_Data supplied_

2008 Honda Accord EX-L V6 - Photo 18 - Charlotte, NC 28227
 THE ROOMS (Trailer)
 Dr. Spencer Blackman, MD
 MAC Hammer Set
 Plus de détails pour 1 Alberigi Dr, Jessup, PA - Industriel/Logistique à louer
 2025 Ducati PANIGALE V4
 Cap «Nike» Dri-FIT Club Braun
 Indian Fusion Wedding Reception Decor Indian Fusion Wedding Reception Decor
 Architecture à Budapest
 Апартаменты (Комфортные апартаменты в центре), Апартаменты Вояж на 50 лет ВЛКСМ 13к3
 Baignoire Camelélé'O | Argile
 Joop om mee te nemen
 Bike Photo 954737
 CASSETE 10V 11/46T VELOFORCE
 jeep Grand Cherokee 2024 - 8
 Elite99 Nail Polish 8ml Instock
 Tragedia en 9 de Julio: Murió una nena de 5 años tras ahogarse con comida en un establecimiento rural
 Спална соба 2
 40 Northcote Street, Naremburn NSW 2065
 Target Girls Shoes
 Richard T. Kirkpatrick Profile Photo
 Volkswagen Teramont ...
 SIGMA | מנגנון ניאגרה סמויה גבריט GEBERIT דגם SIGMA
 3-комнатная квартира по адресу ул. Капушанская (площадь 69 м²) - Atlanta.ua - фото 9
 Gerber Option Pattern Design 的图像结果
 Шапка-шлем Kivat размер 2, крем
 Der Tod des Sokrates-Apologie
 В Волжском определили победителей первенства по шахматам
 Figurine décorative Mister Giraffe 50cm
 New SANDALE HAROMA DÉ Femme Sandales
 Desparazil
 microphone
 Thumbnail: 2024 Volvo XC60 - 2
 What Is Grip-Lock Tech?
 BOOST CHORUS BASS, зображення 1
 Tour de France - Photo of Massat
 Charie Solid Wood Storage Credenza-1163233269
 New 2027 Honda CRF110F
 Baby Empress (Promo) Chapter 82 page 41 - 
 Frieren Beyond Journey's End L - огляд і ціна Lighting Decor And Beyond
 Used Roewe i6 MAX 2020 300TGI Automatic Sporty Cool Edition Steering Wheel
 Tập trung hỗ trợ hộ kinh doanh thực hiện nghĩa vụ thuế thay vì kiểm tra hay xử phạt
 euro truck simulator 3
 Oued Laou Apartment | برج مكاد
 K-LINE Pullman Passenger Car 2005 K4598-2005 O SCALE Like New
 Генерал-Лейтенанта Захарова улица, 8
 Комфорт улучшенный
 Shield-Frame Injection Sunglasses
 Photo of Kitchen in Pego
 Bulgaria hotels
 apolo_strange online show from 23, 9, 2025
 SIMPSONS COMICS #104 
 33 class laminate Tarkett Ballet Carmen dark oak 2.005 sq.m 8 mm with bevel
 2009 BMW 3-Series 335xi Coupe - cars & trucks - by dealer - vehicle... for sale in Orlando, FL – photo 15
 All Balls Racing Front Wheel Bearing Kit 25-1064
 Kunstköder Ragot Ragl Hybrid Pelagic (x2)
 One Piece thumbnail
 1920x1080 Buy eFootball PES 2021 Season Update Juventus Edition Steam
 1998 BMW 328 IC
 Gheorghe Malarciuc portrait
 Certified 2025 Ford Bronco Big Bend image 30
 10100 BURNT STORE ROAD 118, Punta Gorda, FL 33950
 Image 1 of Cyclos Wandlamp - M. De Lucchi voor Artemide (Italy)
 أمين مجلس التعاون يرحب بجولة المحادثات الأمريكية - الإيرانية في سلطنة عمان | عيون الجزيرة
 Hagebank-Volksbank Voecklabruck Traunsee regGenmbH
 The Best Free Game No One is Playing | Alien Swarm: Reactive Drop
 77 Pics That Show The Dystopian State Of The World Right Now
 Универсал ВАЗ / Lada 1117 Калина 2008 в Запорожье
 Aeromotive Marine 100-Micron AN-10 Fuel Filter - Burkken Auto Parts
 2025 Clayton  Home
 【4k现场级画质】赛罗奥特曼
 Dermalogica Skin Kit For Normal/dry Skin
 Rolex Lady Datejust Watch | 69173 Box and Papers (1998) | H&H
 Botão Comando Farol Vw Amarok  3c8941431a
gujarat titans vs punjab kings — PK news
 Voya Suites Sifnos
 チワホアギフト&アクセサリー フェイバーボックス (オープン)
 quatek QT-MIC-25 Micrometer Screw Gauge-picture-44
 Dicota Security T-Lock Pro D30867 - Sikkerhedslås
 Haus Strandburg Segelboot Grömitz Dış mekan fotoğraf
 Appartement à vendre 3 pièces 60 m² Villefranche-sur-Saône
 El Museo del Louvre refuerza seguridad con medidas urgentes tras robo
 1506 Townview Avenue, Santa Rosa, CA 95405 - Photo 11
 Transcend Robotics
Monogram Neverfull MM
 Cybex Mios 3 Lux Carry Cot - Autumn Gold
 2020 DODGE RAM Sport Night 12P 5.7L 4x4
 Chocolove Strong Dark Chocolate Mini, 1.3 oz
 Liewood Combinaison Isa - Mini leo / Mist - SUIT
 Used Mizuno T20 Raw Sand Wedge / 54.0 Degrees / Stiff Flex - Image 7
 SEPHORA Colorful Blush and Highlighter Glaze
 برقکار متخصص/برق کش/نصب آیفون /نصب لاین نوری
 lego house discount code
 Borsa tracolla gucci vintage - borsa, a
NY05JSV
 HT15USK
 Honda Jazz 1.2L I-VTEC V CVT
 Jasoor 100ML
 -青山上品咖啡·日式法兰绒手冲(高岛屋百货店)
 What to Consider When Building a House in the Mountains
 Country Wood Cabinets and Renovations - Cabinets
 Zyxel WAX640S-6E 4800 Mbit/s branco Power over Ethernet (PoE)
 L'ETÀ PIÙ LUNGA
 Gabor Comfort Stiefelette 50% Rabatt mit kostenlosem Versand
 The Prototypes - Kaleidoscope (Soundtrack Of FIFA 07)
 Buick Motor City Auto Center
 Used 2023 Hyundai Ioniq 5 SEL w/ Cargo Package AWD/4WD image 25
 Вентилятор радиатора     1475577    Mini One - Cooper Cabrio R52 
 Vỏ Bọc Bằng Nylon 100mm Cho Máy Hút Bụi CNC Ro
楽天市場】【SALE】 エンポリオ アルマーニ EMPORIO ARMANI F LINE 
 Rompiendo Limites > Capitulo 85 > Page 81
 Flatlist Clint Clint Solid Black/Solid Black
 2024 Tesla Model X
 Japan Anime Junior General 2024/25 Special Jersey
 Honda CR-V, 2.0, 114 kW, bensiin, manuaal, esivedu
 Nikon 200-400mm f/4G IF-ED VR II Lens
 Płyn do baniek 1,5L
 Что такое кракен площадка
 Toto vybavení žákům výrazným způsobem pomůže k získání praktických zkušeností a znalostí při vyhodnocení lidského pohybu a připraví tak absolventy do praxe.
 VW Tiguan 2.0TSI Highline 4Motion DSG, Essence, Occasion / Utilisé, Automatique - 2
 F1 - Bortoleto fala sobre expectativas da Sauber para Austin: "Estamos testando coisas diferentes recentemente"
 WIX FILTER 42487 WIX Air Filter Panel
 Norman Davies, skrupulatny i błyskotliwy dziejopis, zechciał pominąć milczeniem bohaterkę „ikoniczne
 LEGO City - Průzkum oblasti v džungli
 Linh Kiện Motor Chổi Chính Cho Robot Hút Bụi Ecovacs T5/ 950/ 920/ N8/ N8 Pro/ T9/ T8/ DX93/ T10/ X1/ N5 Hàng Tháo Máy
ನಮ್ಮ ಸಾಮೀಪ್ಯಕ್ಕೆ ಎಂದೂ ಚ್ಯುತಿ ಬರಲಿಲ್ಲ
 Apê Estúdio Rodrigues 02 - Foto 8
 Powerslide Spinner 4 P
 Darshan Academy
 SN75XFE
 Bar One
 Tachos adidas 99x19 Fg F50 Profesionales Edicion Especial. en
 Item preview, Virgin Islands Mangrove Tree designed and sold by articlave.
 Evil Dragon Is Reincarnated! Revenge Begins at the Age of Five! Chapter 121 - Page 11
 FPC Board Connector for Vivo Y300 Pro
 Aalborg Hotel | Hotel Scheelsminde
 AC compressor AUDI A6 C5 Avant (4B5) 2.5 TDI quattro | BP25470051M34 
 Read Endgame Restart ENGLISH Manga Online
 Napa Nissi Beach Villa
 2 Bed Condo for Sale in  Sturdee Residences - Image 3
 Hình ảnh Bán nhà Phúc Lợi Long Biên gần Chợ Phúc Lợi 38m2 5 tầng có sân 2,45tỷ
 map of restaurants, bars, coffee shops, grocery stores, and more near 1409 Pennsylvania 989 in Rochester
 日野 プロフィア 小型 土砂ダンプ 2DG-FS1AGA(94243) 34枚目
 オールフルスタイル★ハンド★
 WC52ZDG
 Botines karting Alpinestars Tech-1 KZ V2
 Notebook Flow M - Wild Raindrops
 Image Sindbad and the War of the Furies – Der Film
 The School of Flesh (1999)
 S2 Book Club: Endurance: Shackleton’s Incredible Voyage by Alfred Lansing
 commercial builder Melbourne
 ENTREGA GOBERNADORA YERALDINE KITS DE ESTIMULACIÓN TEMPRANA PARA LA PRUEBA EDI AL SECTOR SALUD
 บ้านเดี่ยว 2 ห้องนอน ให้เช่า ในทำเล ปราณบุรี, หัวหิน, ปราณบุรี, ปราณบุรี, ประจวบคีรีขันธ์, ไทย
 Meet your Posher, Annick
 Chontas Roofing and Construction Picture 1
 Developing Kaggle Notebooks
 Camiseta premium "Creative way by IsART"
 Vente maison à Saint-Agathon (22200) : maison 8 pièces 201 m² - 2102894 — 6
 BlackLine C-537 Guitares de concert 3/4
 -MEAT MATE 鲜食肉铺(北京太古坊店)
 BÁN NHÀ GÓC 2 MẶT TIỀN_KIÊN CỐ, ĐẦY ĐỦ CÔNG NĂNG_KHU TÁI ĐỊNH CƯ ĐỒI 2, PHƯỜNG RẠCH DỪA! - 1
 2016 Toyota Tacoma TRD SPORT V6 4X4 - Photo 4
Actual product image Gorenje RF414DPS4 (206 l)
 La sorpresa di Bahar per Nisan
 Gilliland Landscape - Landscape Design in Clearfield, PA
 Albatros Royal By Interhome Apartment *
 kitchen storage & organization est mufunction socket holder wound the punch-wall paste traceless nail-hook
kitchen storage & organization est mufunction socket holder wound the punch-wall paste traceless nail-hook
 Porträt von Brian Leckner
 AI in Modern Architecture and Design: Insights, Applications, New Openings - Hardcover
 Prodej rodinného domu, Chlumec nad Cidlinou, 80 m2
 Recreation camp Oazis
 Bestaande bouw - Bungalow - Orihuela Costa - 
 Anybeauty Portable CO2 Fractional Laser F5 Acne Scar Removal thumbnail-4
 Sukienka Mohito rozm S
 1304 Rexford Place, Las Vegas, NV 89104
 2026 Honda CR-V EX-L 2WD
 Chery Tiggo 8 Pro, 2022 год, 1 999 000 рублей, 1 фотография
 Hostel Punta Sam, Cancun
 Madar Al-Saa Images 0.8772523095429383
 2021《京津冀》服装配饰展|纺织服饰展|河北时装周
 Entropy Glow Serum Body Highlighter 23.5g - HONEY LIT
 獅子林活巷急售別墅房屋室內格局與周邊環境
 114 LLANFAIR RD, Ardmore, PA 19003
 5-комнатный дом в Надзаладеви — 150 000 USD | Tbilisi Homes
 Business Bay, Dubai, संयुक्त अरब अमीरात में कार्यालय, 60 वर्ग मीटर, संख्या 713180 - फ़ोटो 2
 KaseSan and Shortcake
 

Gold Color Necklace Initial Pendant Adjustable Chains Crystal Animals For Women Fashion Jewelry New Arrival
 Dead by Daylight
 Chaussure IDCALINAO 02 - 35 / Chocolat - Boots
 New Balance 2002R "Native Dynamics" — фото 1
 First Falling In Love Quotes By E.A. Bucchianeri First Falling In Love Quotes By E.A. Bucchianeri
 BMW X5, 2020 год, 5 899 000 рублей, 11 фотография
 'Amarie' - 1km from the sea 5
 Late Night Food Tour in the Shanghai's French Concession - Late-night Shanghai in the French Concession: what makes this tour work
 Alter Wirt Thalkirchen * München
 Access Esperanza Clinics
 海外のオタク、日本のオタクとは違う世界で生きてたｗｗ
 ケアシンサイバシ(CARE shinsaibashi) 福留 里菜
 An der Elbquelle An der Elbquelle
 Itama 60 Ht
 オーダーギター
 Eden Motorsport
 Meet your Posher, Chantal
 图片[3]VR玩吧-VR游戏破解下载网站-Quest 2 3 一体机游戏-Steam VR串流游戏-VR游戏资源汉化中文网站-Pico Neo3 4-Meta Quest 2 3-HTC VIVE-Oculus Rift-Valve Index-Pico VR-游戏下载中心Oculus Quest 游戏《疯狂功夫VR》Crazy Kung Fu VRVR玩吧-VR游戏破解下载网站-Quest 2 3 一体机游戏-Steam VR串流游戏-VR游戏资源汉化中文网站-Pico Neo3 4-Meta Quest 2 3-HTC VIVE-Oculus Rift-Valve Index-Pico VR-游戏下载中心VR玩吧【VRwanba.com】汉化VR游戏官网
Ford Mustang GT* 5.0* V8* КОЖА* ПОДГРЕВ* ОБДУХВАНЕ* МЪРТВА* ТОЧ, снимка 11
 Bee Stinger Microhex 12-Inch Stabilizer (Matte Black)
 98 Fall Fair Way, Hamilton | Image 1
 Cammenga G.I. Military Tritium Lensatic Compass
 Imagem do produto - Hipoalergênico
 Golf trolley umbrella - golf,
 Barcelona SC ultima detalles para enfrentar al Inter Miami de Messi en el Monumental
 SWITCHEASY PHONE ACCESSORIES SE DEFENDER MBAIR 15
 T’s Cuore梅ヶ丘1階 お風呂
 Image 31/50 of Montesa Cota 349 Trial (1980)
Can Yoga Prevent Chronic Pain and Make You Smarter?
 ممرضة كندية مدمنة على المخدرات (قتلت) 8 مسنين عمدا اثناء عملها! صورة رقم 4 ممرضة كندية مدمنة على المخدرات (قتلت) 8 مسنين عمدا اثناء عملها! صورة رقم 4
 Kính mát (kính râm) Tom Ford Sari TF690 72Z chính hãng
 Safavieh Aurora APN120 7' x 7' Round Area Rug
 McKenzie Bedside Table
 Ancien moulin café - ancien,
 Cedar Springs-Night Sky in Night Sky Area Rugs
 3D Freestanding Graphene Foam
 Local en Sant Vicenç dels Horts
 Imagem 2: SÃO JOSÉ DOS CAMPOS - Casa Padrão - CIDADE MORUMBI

_Aim of the task_
Only the lines from the start of the listing through the line with "Baby Empress (Promo)" should be repeated, each exactly as it stands.

_Answer below_
2008 Honda Accord EX-L V6 - Photo 18 - Charlotte, NC 28227
 THE ROOMS (Trailer)
 Dr. Spencer Blackman, MD
 MAC Hammer Set
 Plus de détails pour 1 Alberigi Dr, Jessup, PA - Industriel/Logistique à louer
 2025 Ducati PANIGALE V4
 Cap «Nike» Dri-FIT Club Braun
 Indian Fusion Wedding Reception Decor Indian Fusion Wedding Reception Decor
 Architecture à Budapest
 Апартаменты (Комфортные апартаменты в центре), Апартаменты Вояж на 50 лет ВЛКСМ 13к3
 Baignoire Camelélé'O | Argile
 Joop om mee te nemen
 Bike Photo 954737
 CASSETE 10V 11/46T VELOFORCE
 jeep Grand Cherokee 2024 - 8
 Elite99 Nail Polish 8ml Instock
 Tragedia en 9 de Julio: Murió una nena de 5 años tras ahogarse con comida en un establecimiento rural
 Спална соба 2
 40 Northcote Street, Naremburn NSW 2065
 Target Girls Shoes
 Richard T. Kirkpatrick Profile Photo
 Volkswagen Teramont ...
 SIGMA | מנגנון ניאגרה סמויה גבריט GEBERIT דגם SIGMA
 3-комнатная квартира по адресу ул. Капушанская (площадь 69 м²) - Atlanta.ua - фото 9
 Gerber Option Pattern Design 的图像结果
 Шапка-шлем Kivat размер 2, крем
 Der Tod des Sokrates-Apologie
 В Волжском определили победителей первенства по шахматам
 Figurine décorative Mister Giraffe 50cm
 New SANDALE HAROMA DÉ Femme Sandales
 Desparazil
 microphone
 Thumbnail: 2024 Volvo XC60 - 2
 What Is Grip-Lock Tech?
 BOOST CHORUS BASS, зображення 1
 Tour de France - Photo of Massat
 Charie Solid Wood Storage Credenza-1163233269
 New 2027 Honda CRF110F
 Baby Empress (Promo) Chapter 82 page 41 - 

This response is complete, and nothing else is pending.